We propose new Differentially Private (DP) algorithms that obtain near-optimal regret bounds.
- Score: 74.52487417350221
- License: http://arxiv.org/licenses/nonexclusive-distrib/1.0/
- Abstract: We consider online learning problems in the realizable setting, where there
is a zero-loss solution, and propose new Differentially Private (DP) algorithms
that obtain near-optimal regret bounds. For the problem of online prediction
from experts, we design new algorithms that obtain near-optimal regret ${O}
\big( \varepsilon^{-1} \log^{1.5}{d} \big)$ where $d$ is the number of experts.
This significantly improves over the best existing regret bounds for the DP
non-realizable setting which are ${O} \big( \varepsilon^{-1} \min\big\{d,
T^{1/3}\log d\big\} \big)$. We also develop an adaptive algorithm for the
small-loss setting with regret $O(L^\star\log d + \varepsilon^{-1}
\log^{1.5}{d})$ where $L^\star$ is the total loss of the best expert.

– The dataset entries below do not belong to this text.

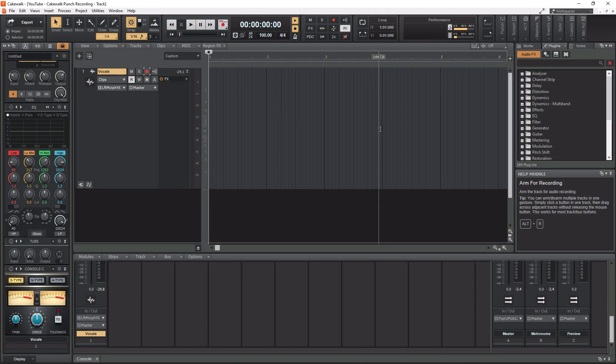The first thing I need to do before we can do any punch recording is to actually record a take. What I'm going to do is simply count to eight on the beat using a metronome. I'll do a four-bar count and then come in. All right, let's begin.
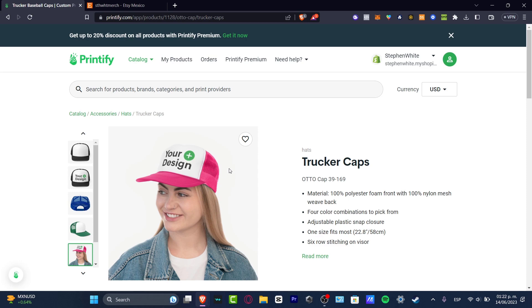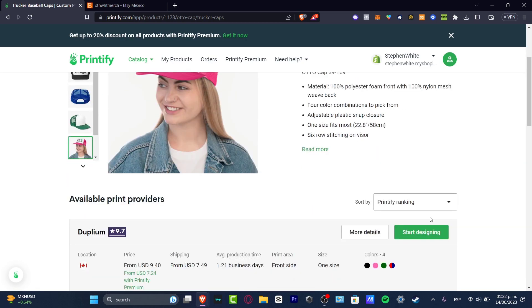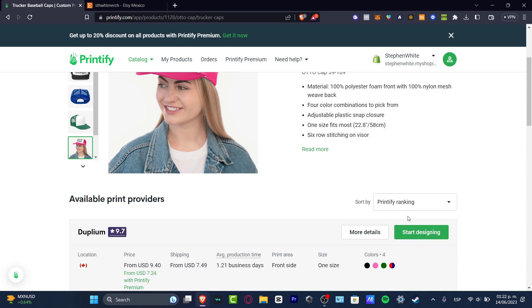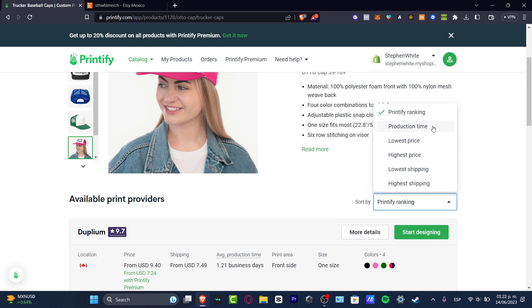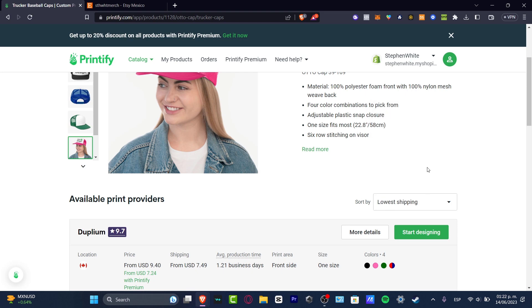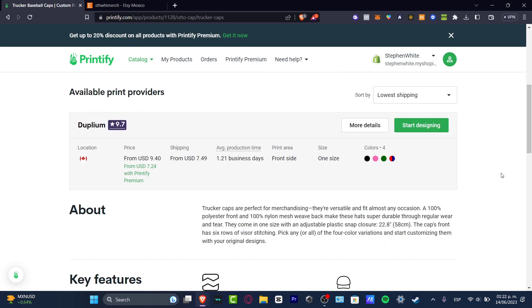Let's go into start design. But first of all, in the available print providers, what I can totally suggest to you is to look out for the one that you think can give you the best resources. For example, if you want faster production time, or the lowest price, or the lowest shipping cost, you choose the elements that best fit for you.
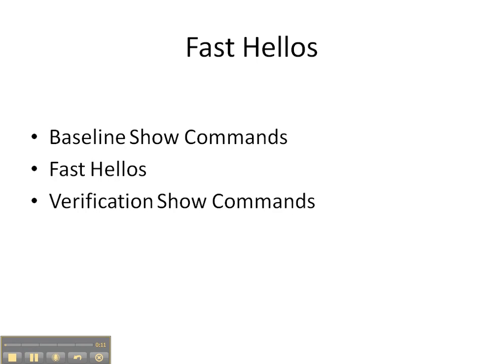We're going to execute some baseline show commands to see what the default timers are on the network, and then we're going to implement OSPF fast hellos in two different ways.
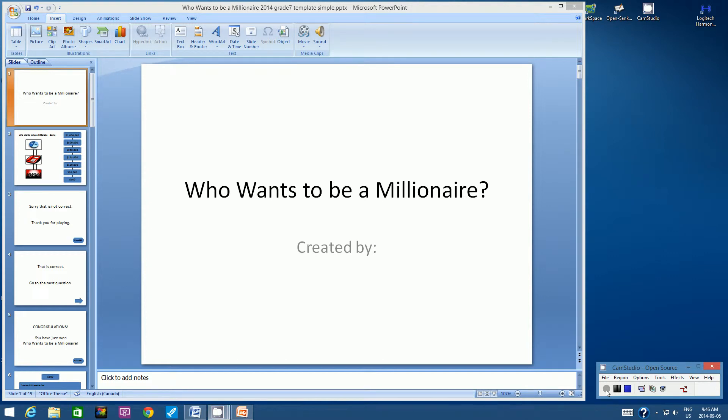Hello students, this is Mr. Uweta. Welcome to this video tutorial on linking slides for your Who Wants to be a Millionaire game.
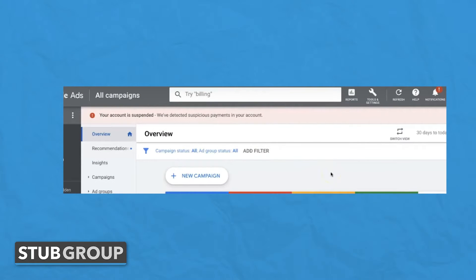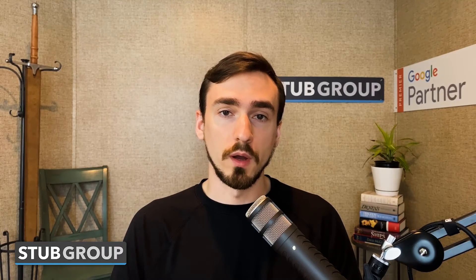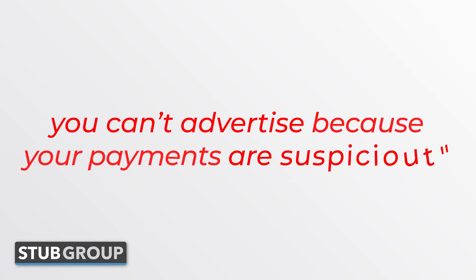You'll see this red bar of death at the top of your account where Google's saying that you are suspended because of suspicious payments or suspicious payment activity. This can be a rather mysterious and very frustrating reason that Google will give you, because you might say, well, what is suspicious about our payment method? We'll even see this for accounts that are brand new where you haven't paid any money yet to Google, and yet Google is saying that you can't advertise because your payments are suspicious.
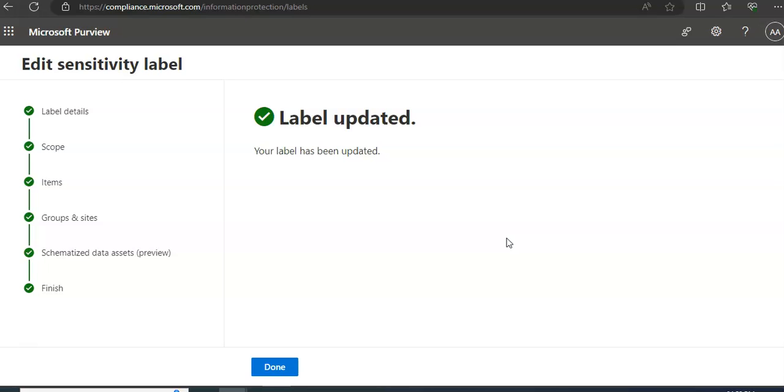If you have any further queries, please mention them in the comment section. In the next video, we will talk about configuring sensitivity labeling.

Additionally, we consider DP online convex optimization in the realizable
setting and propose an algorithm with near-optimal regret $O
\big(\varepsilon^{-1} d^{1.5} \big)$, as well as an algorithm for the smooth
case with regret $O \big( \varepsilon^{-2/3} (dT)^{1/3} \big)$, both
significantly improving over existing bounds in the non-realizable regime.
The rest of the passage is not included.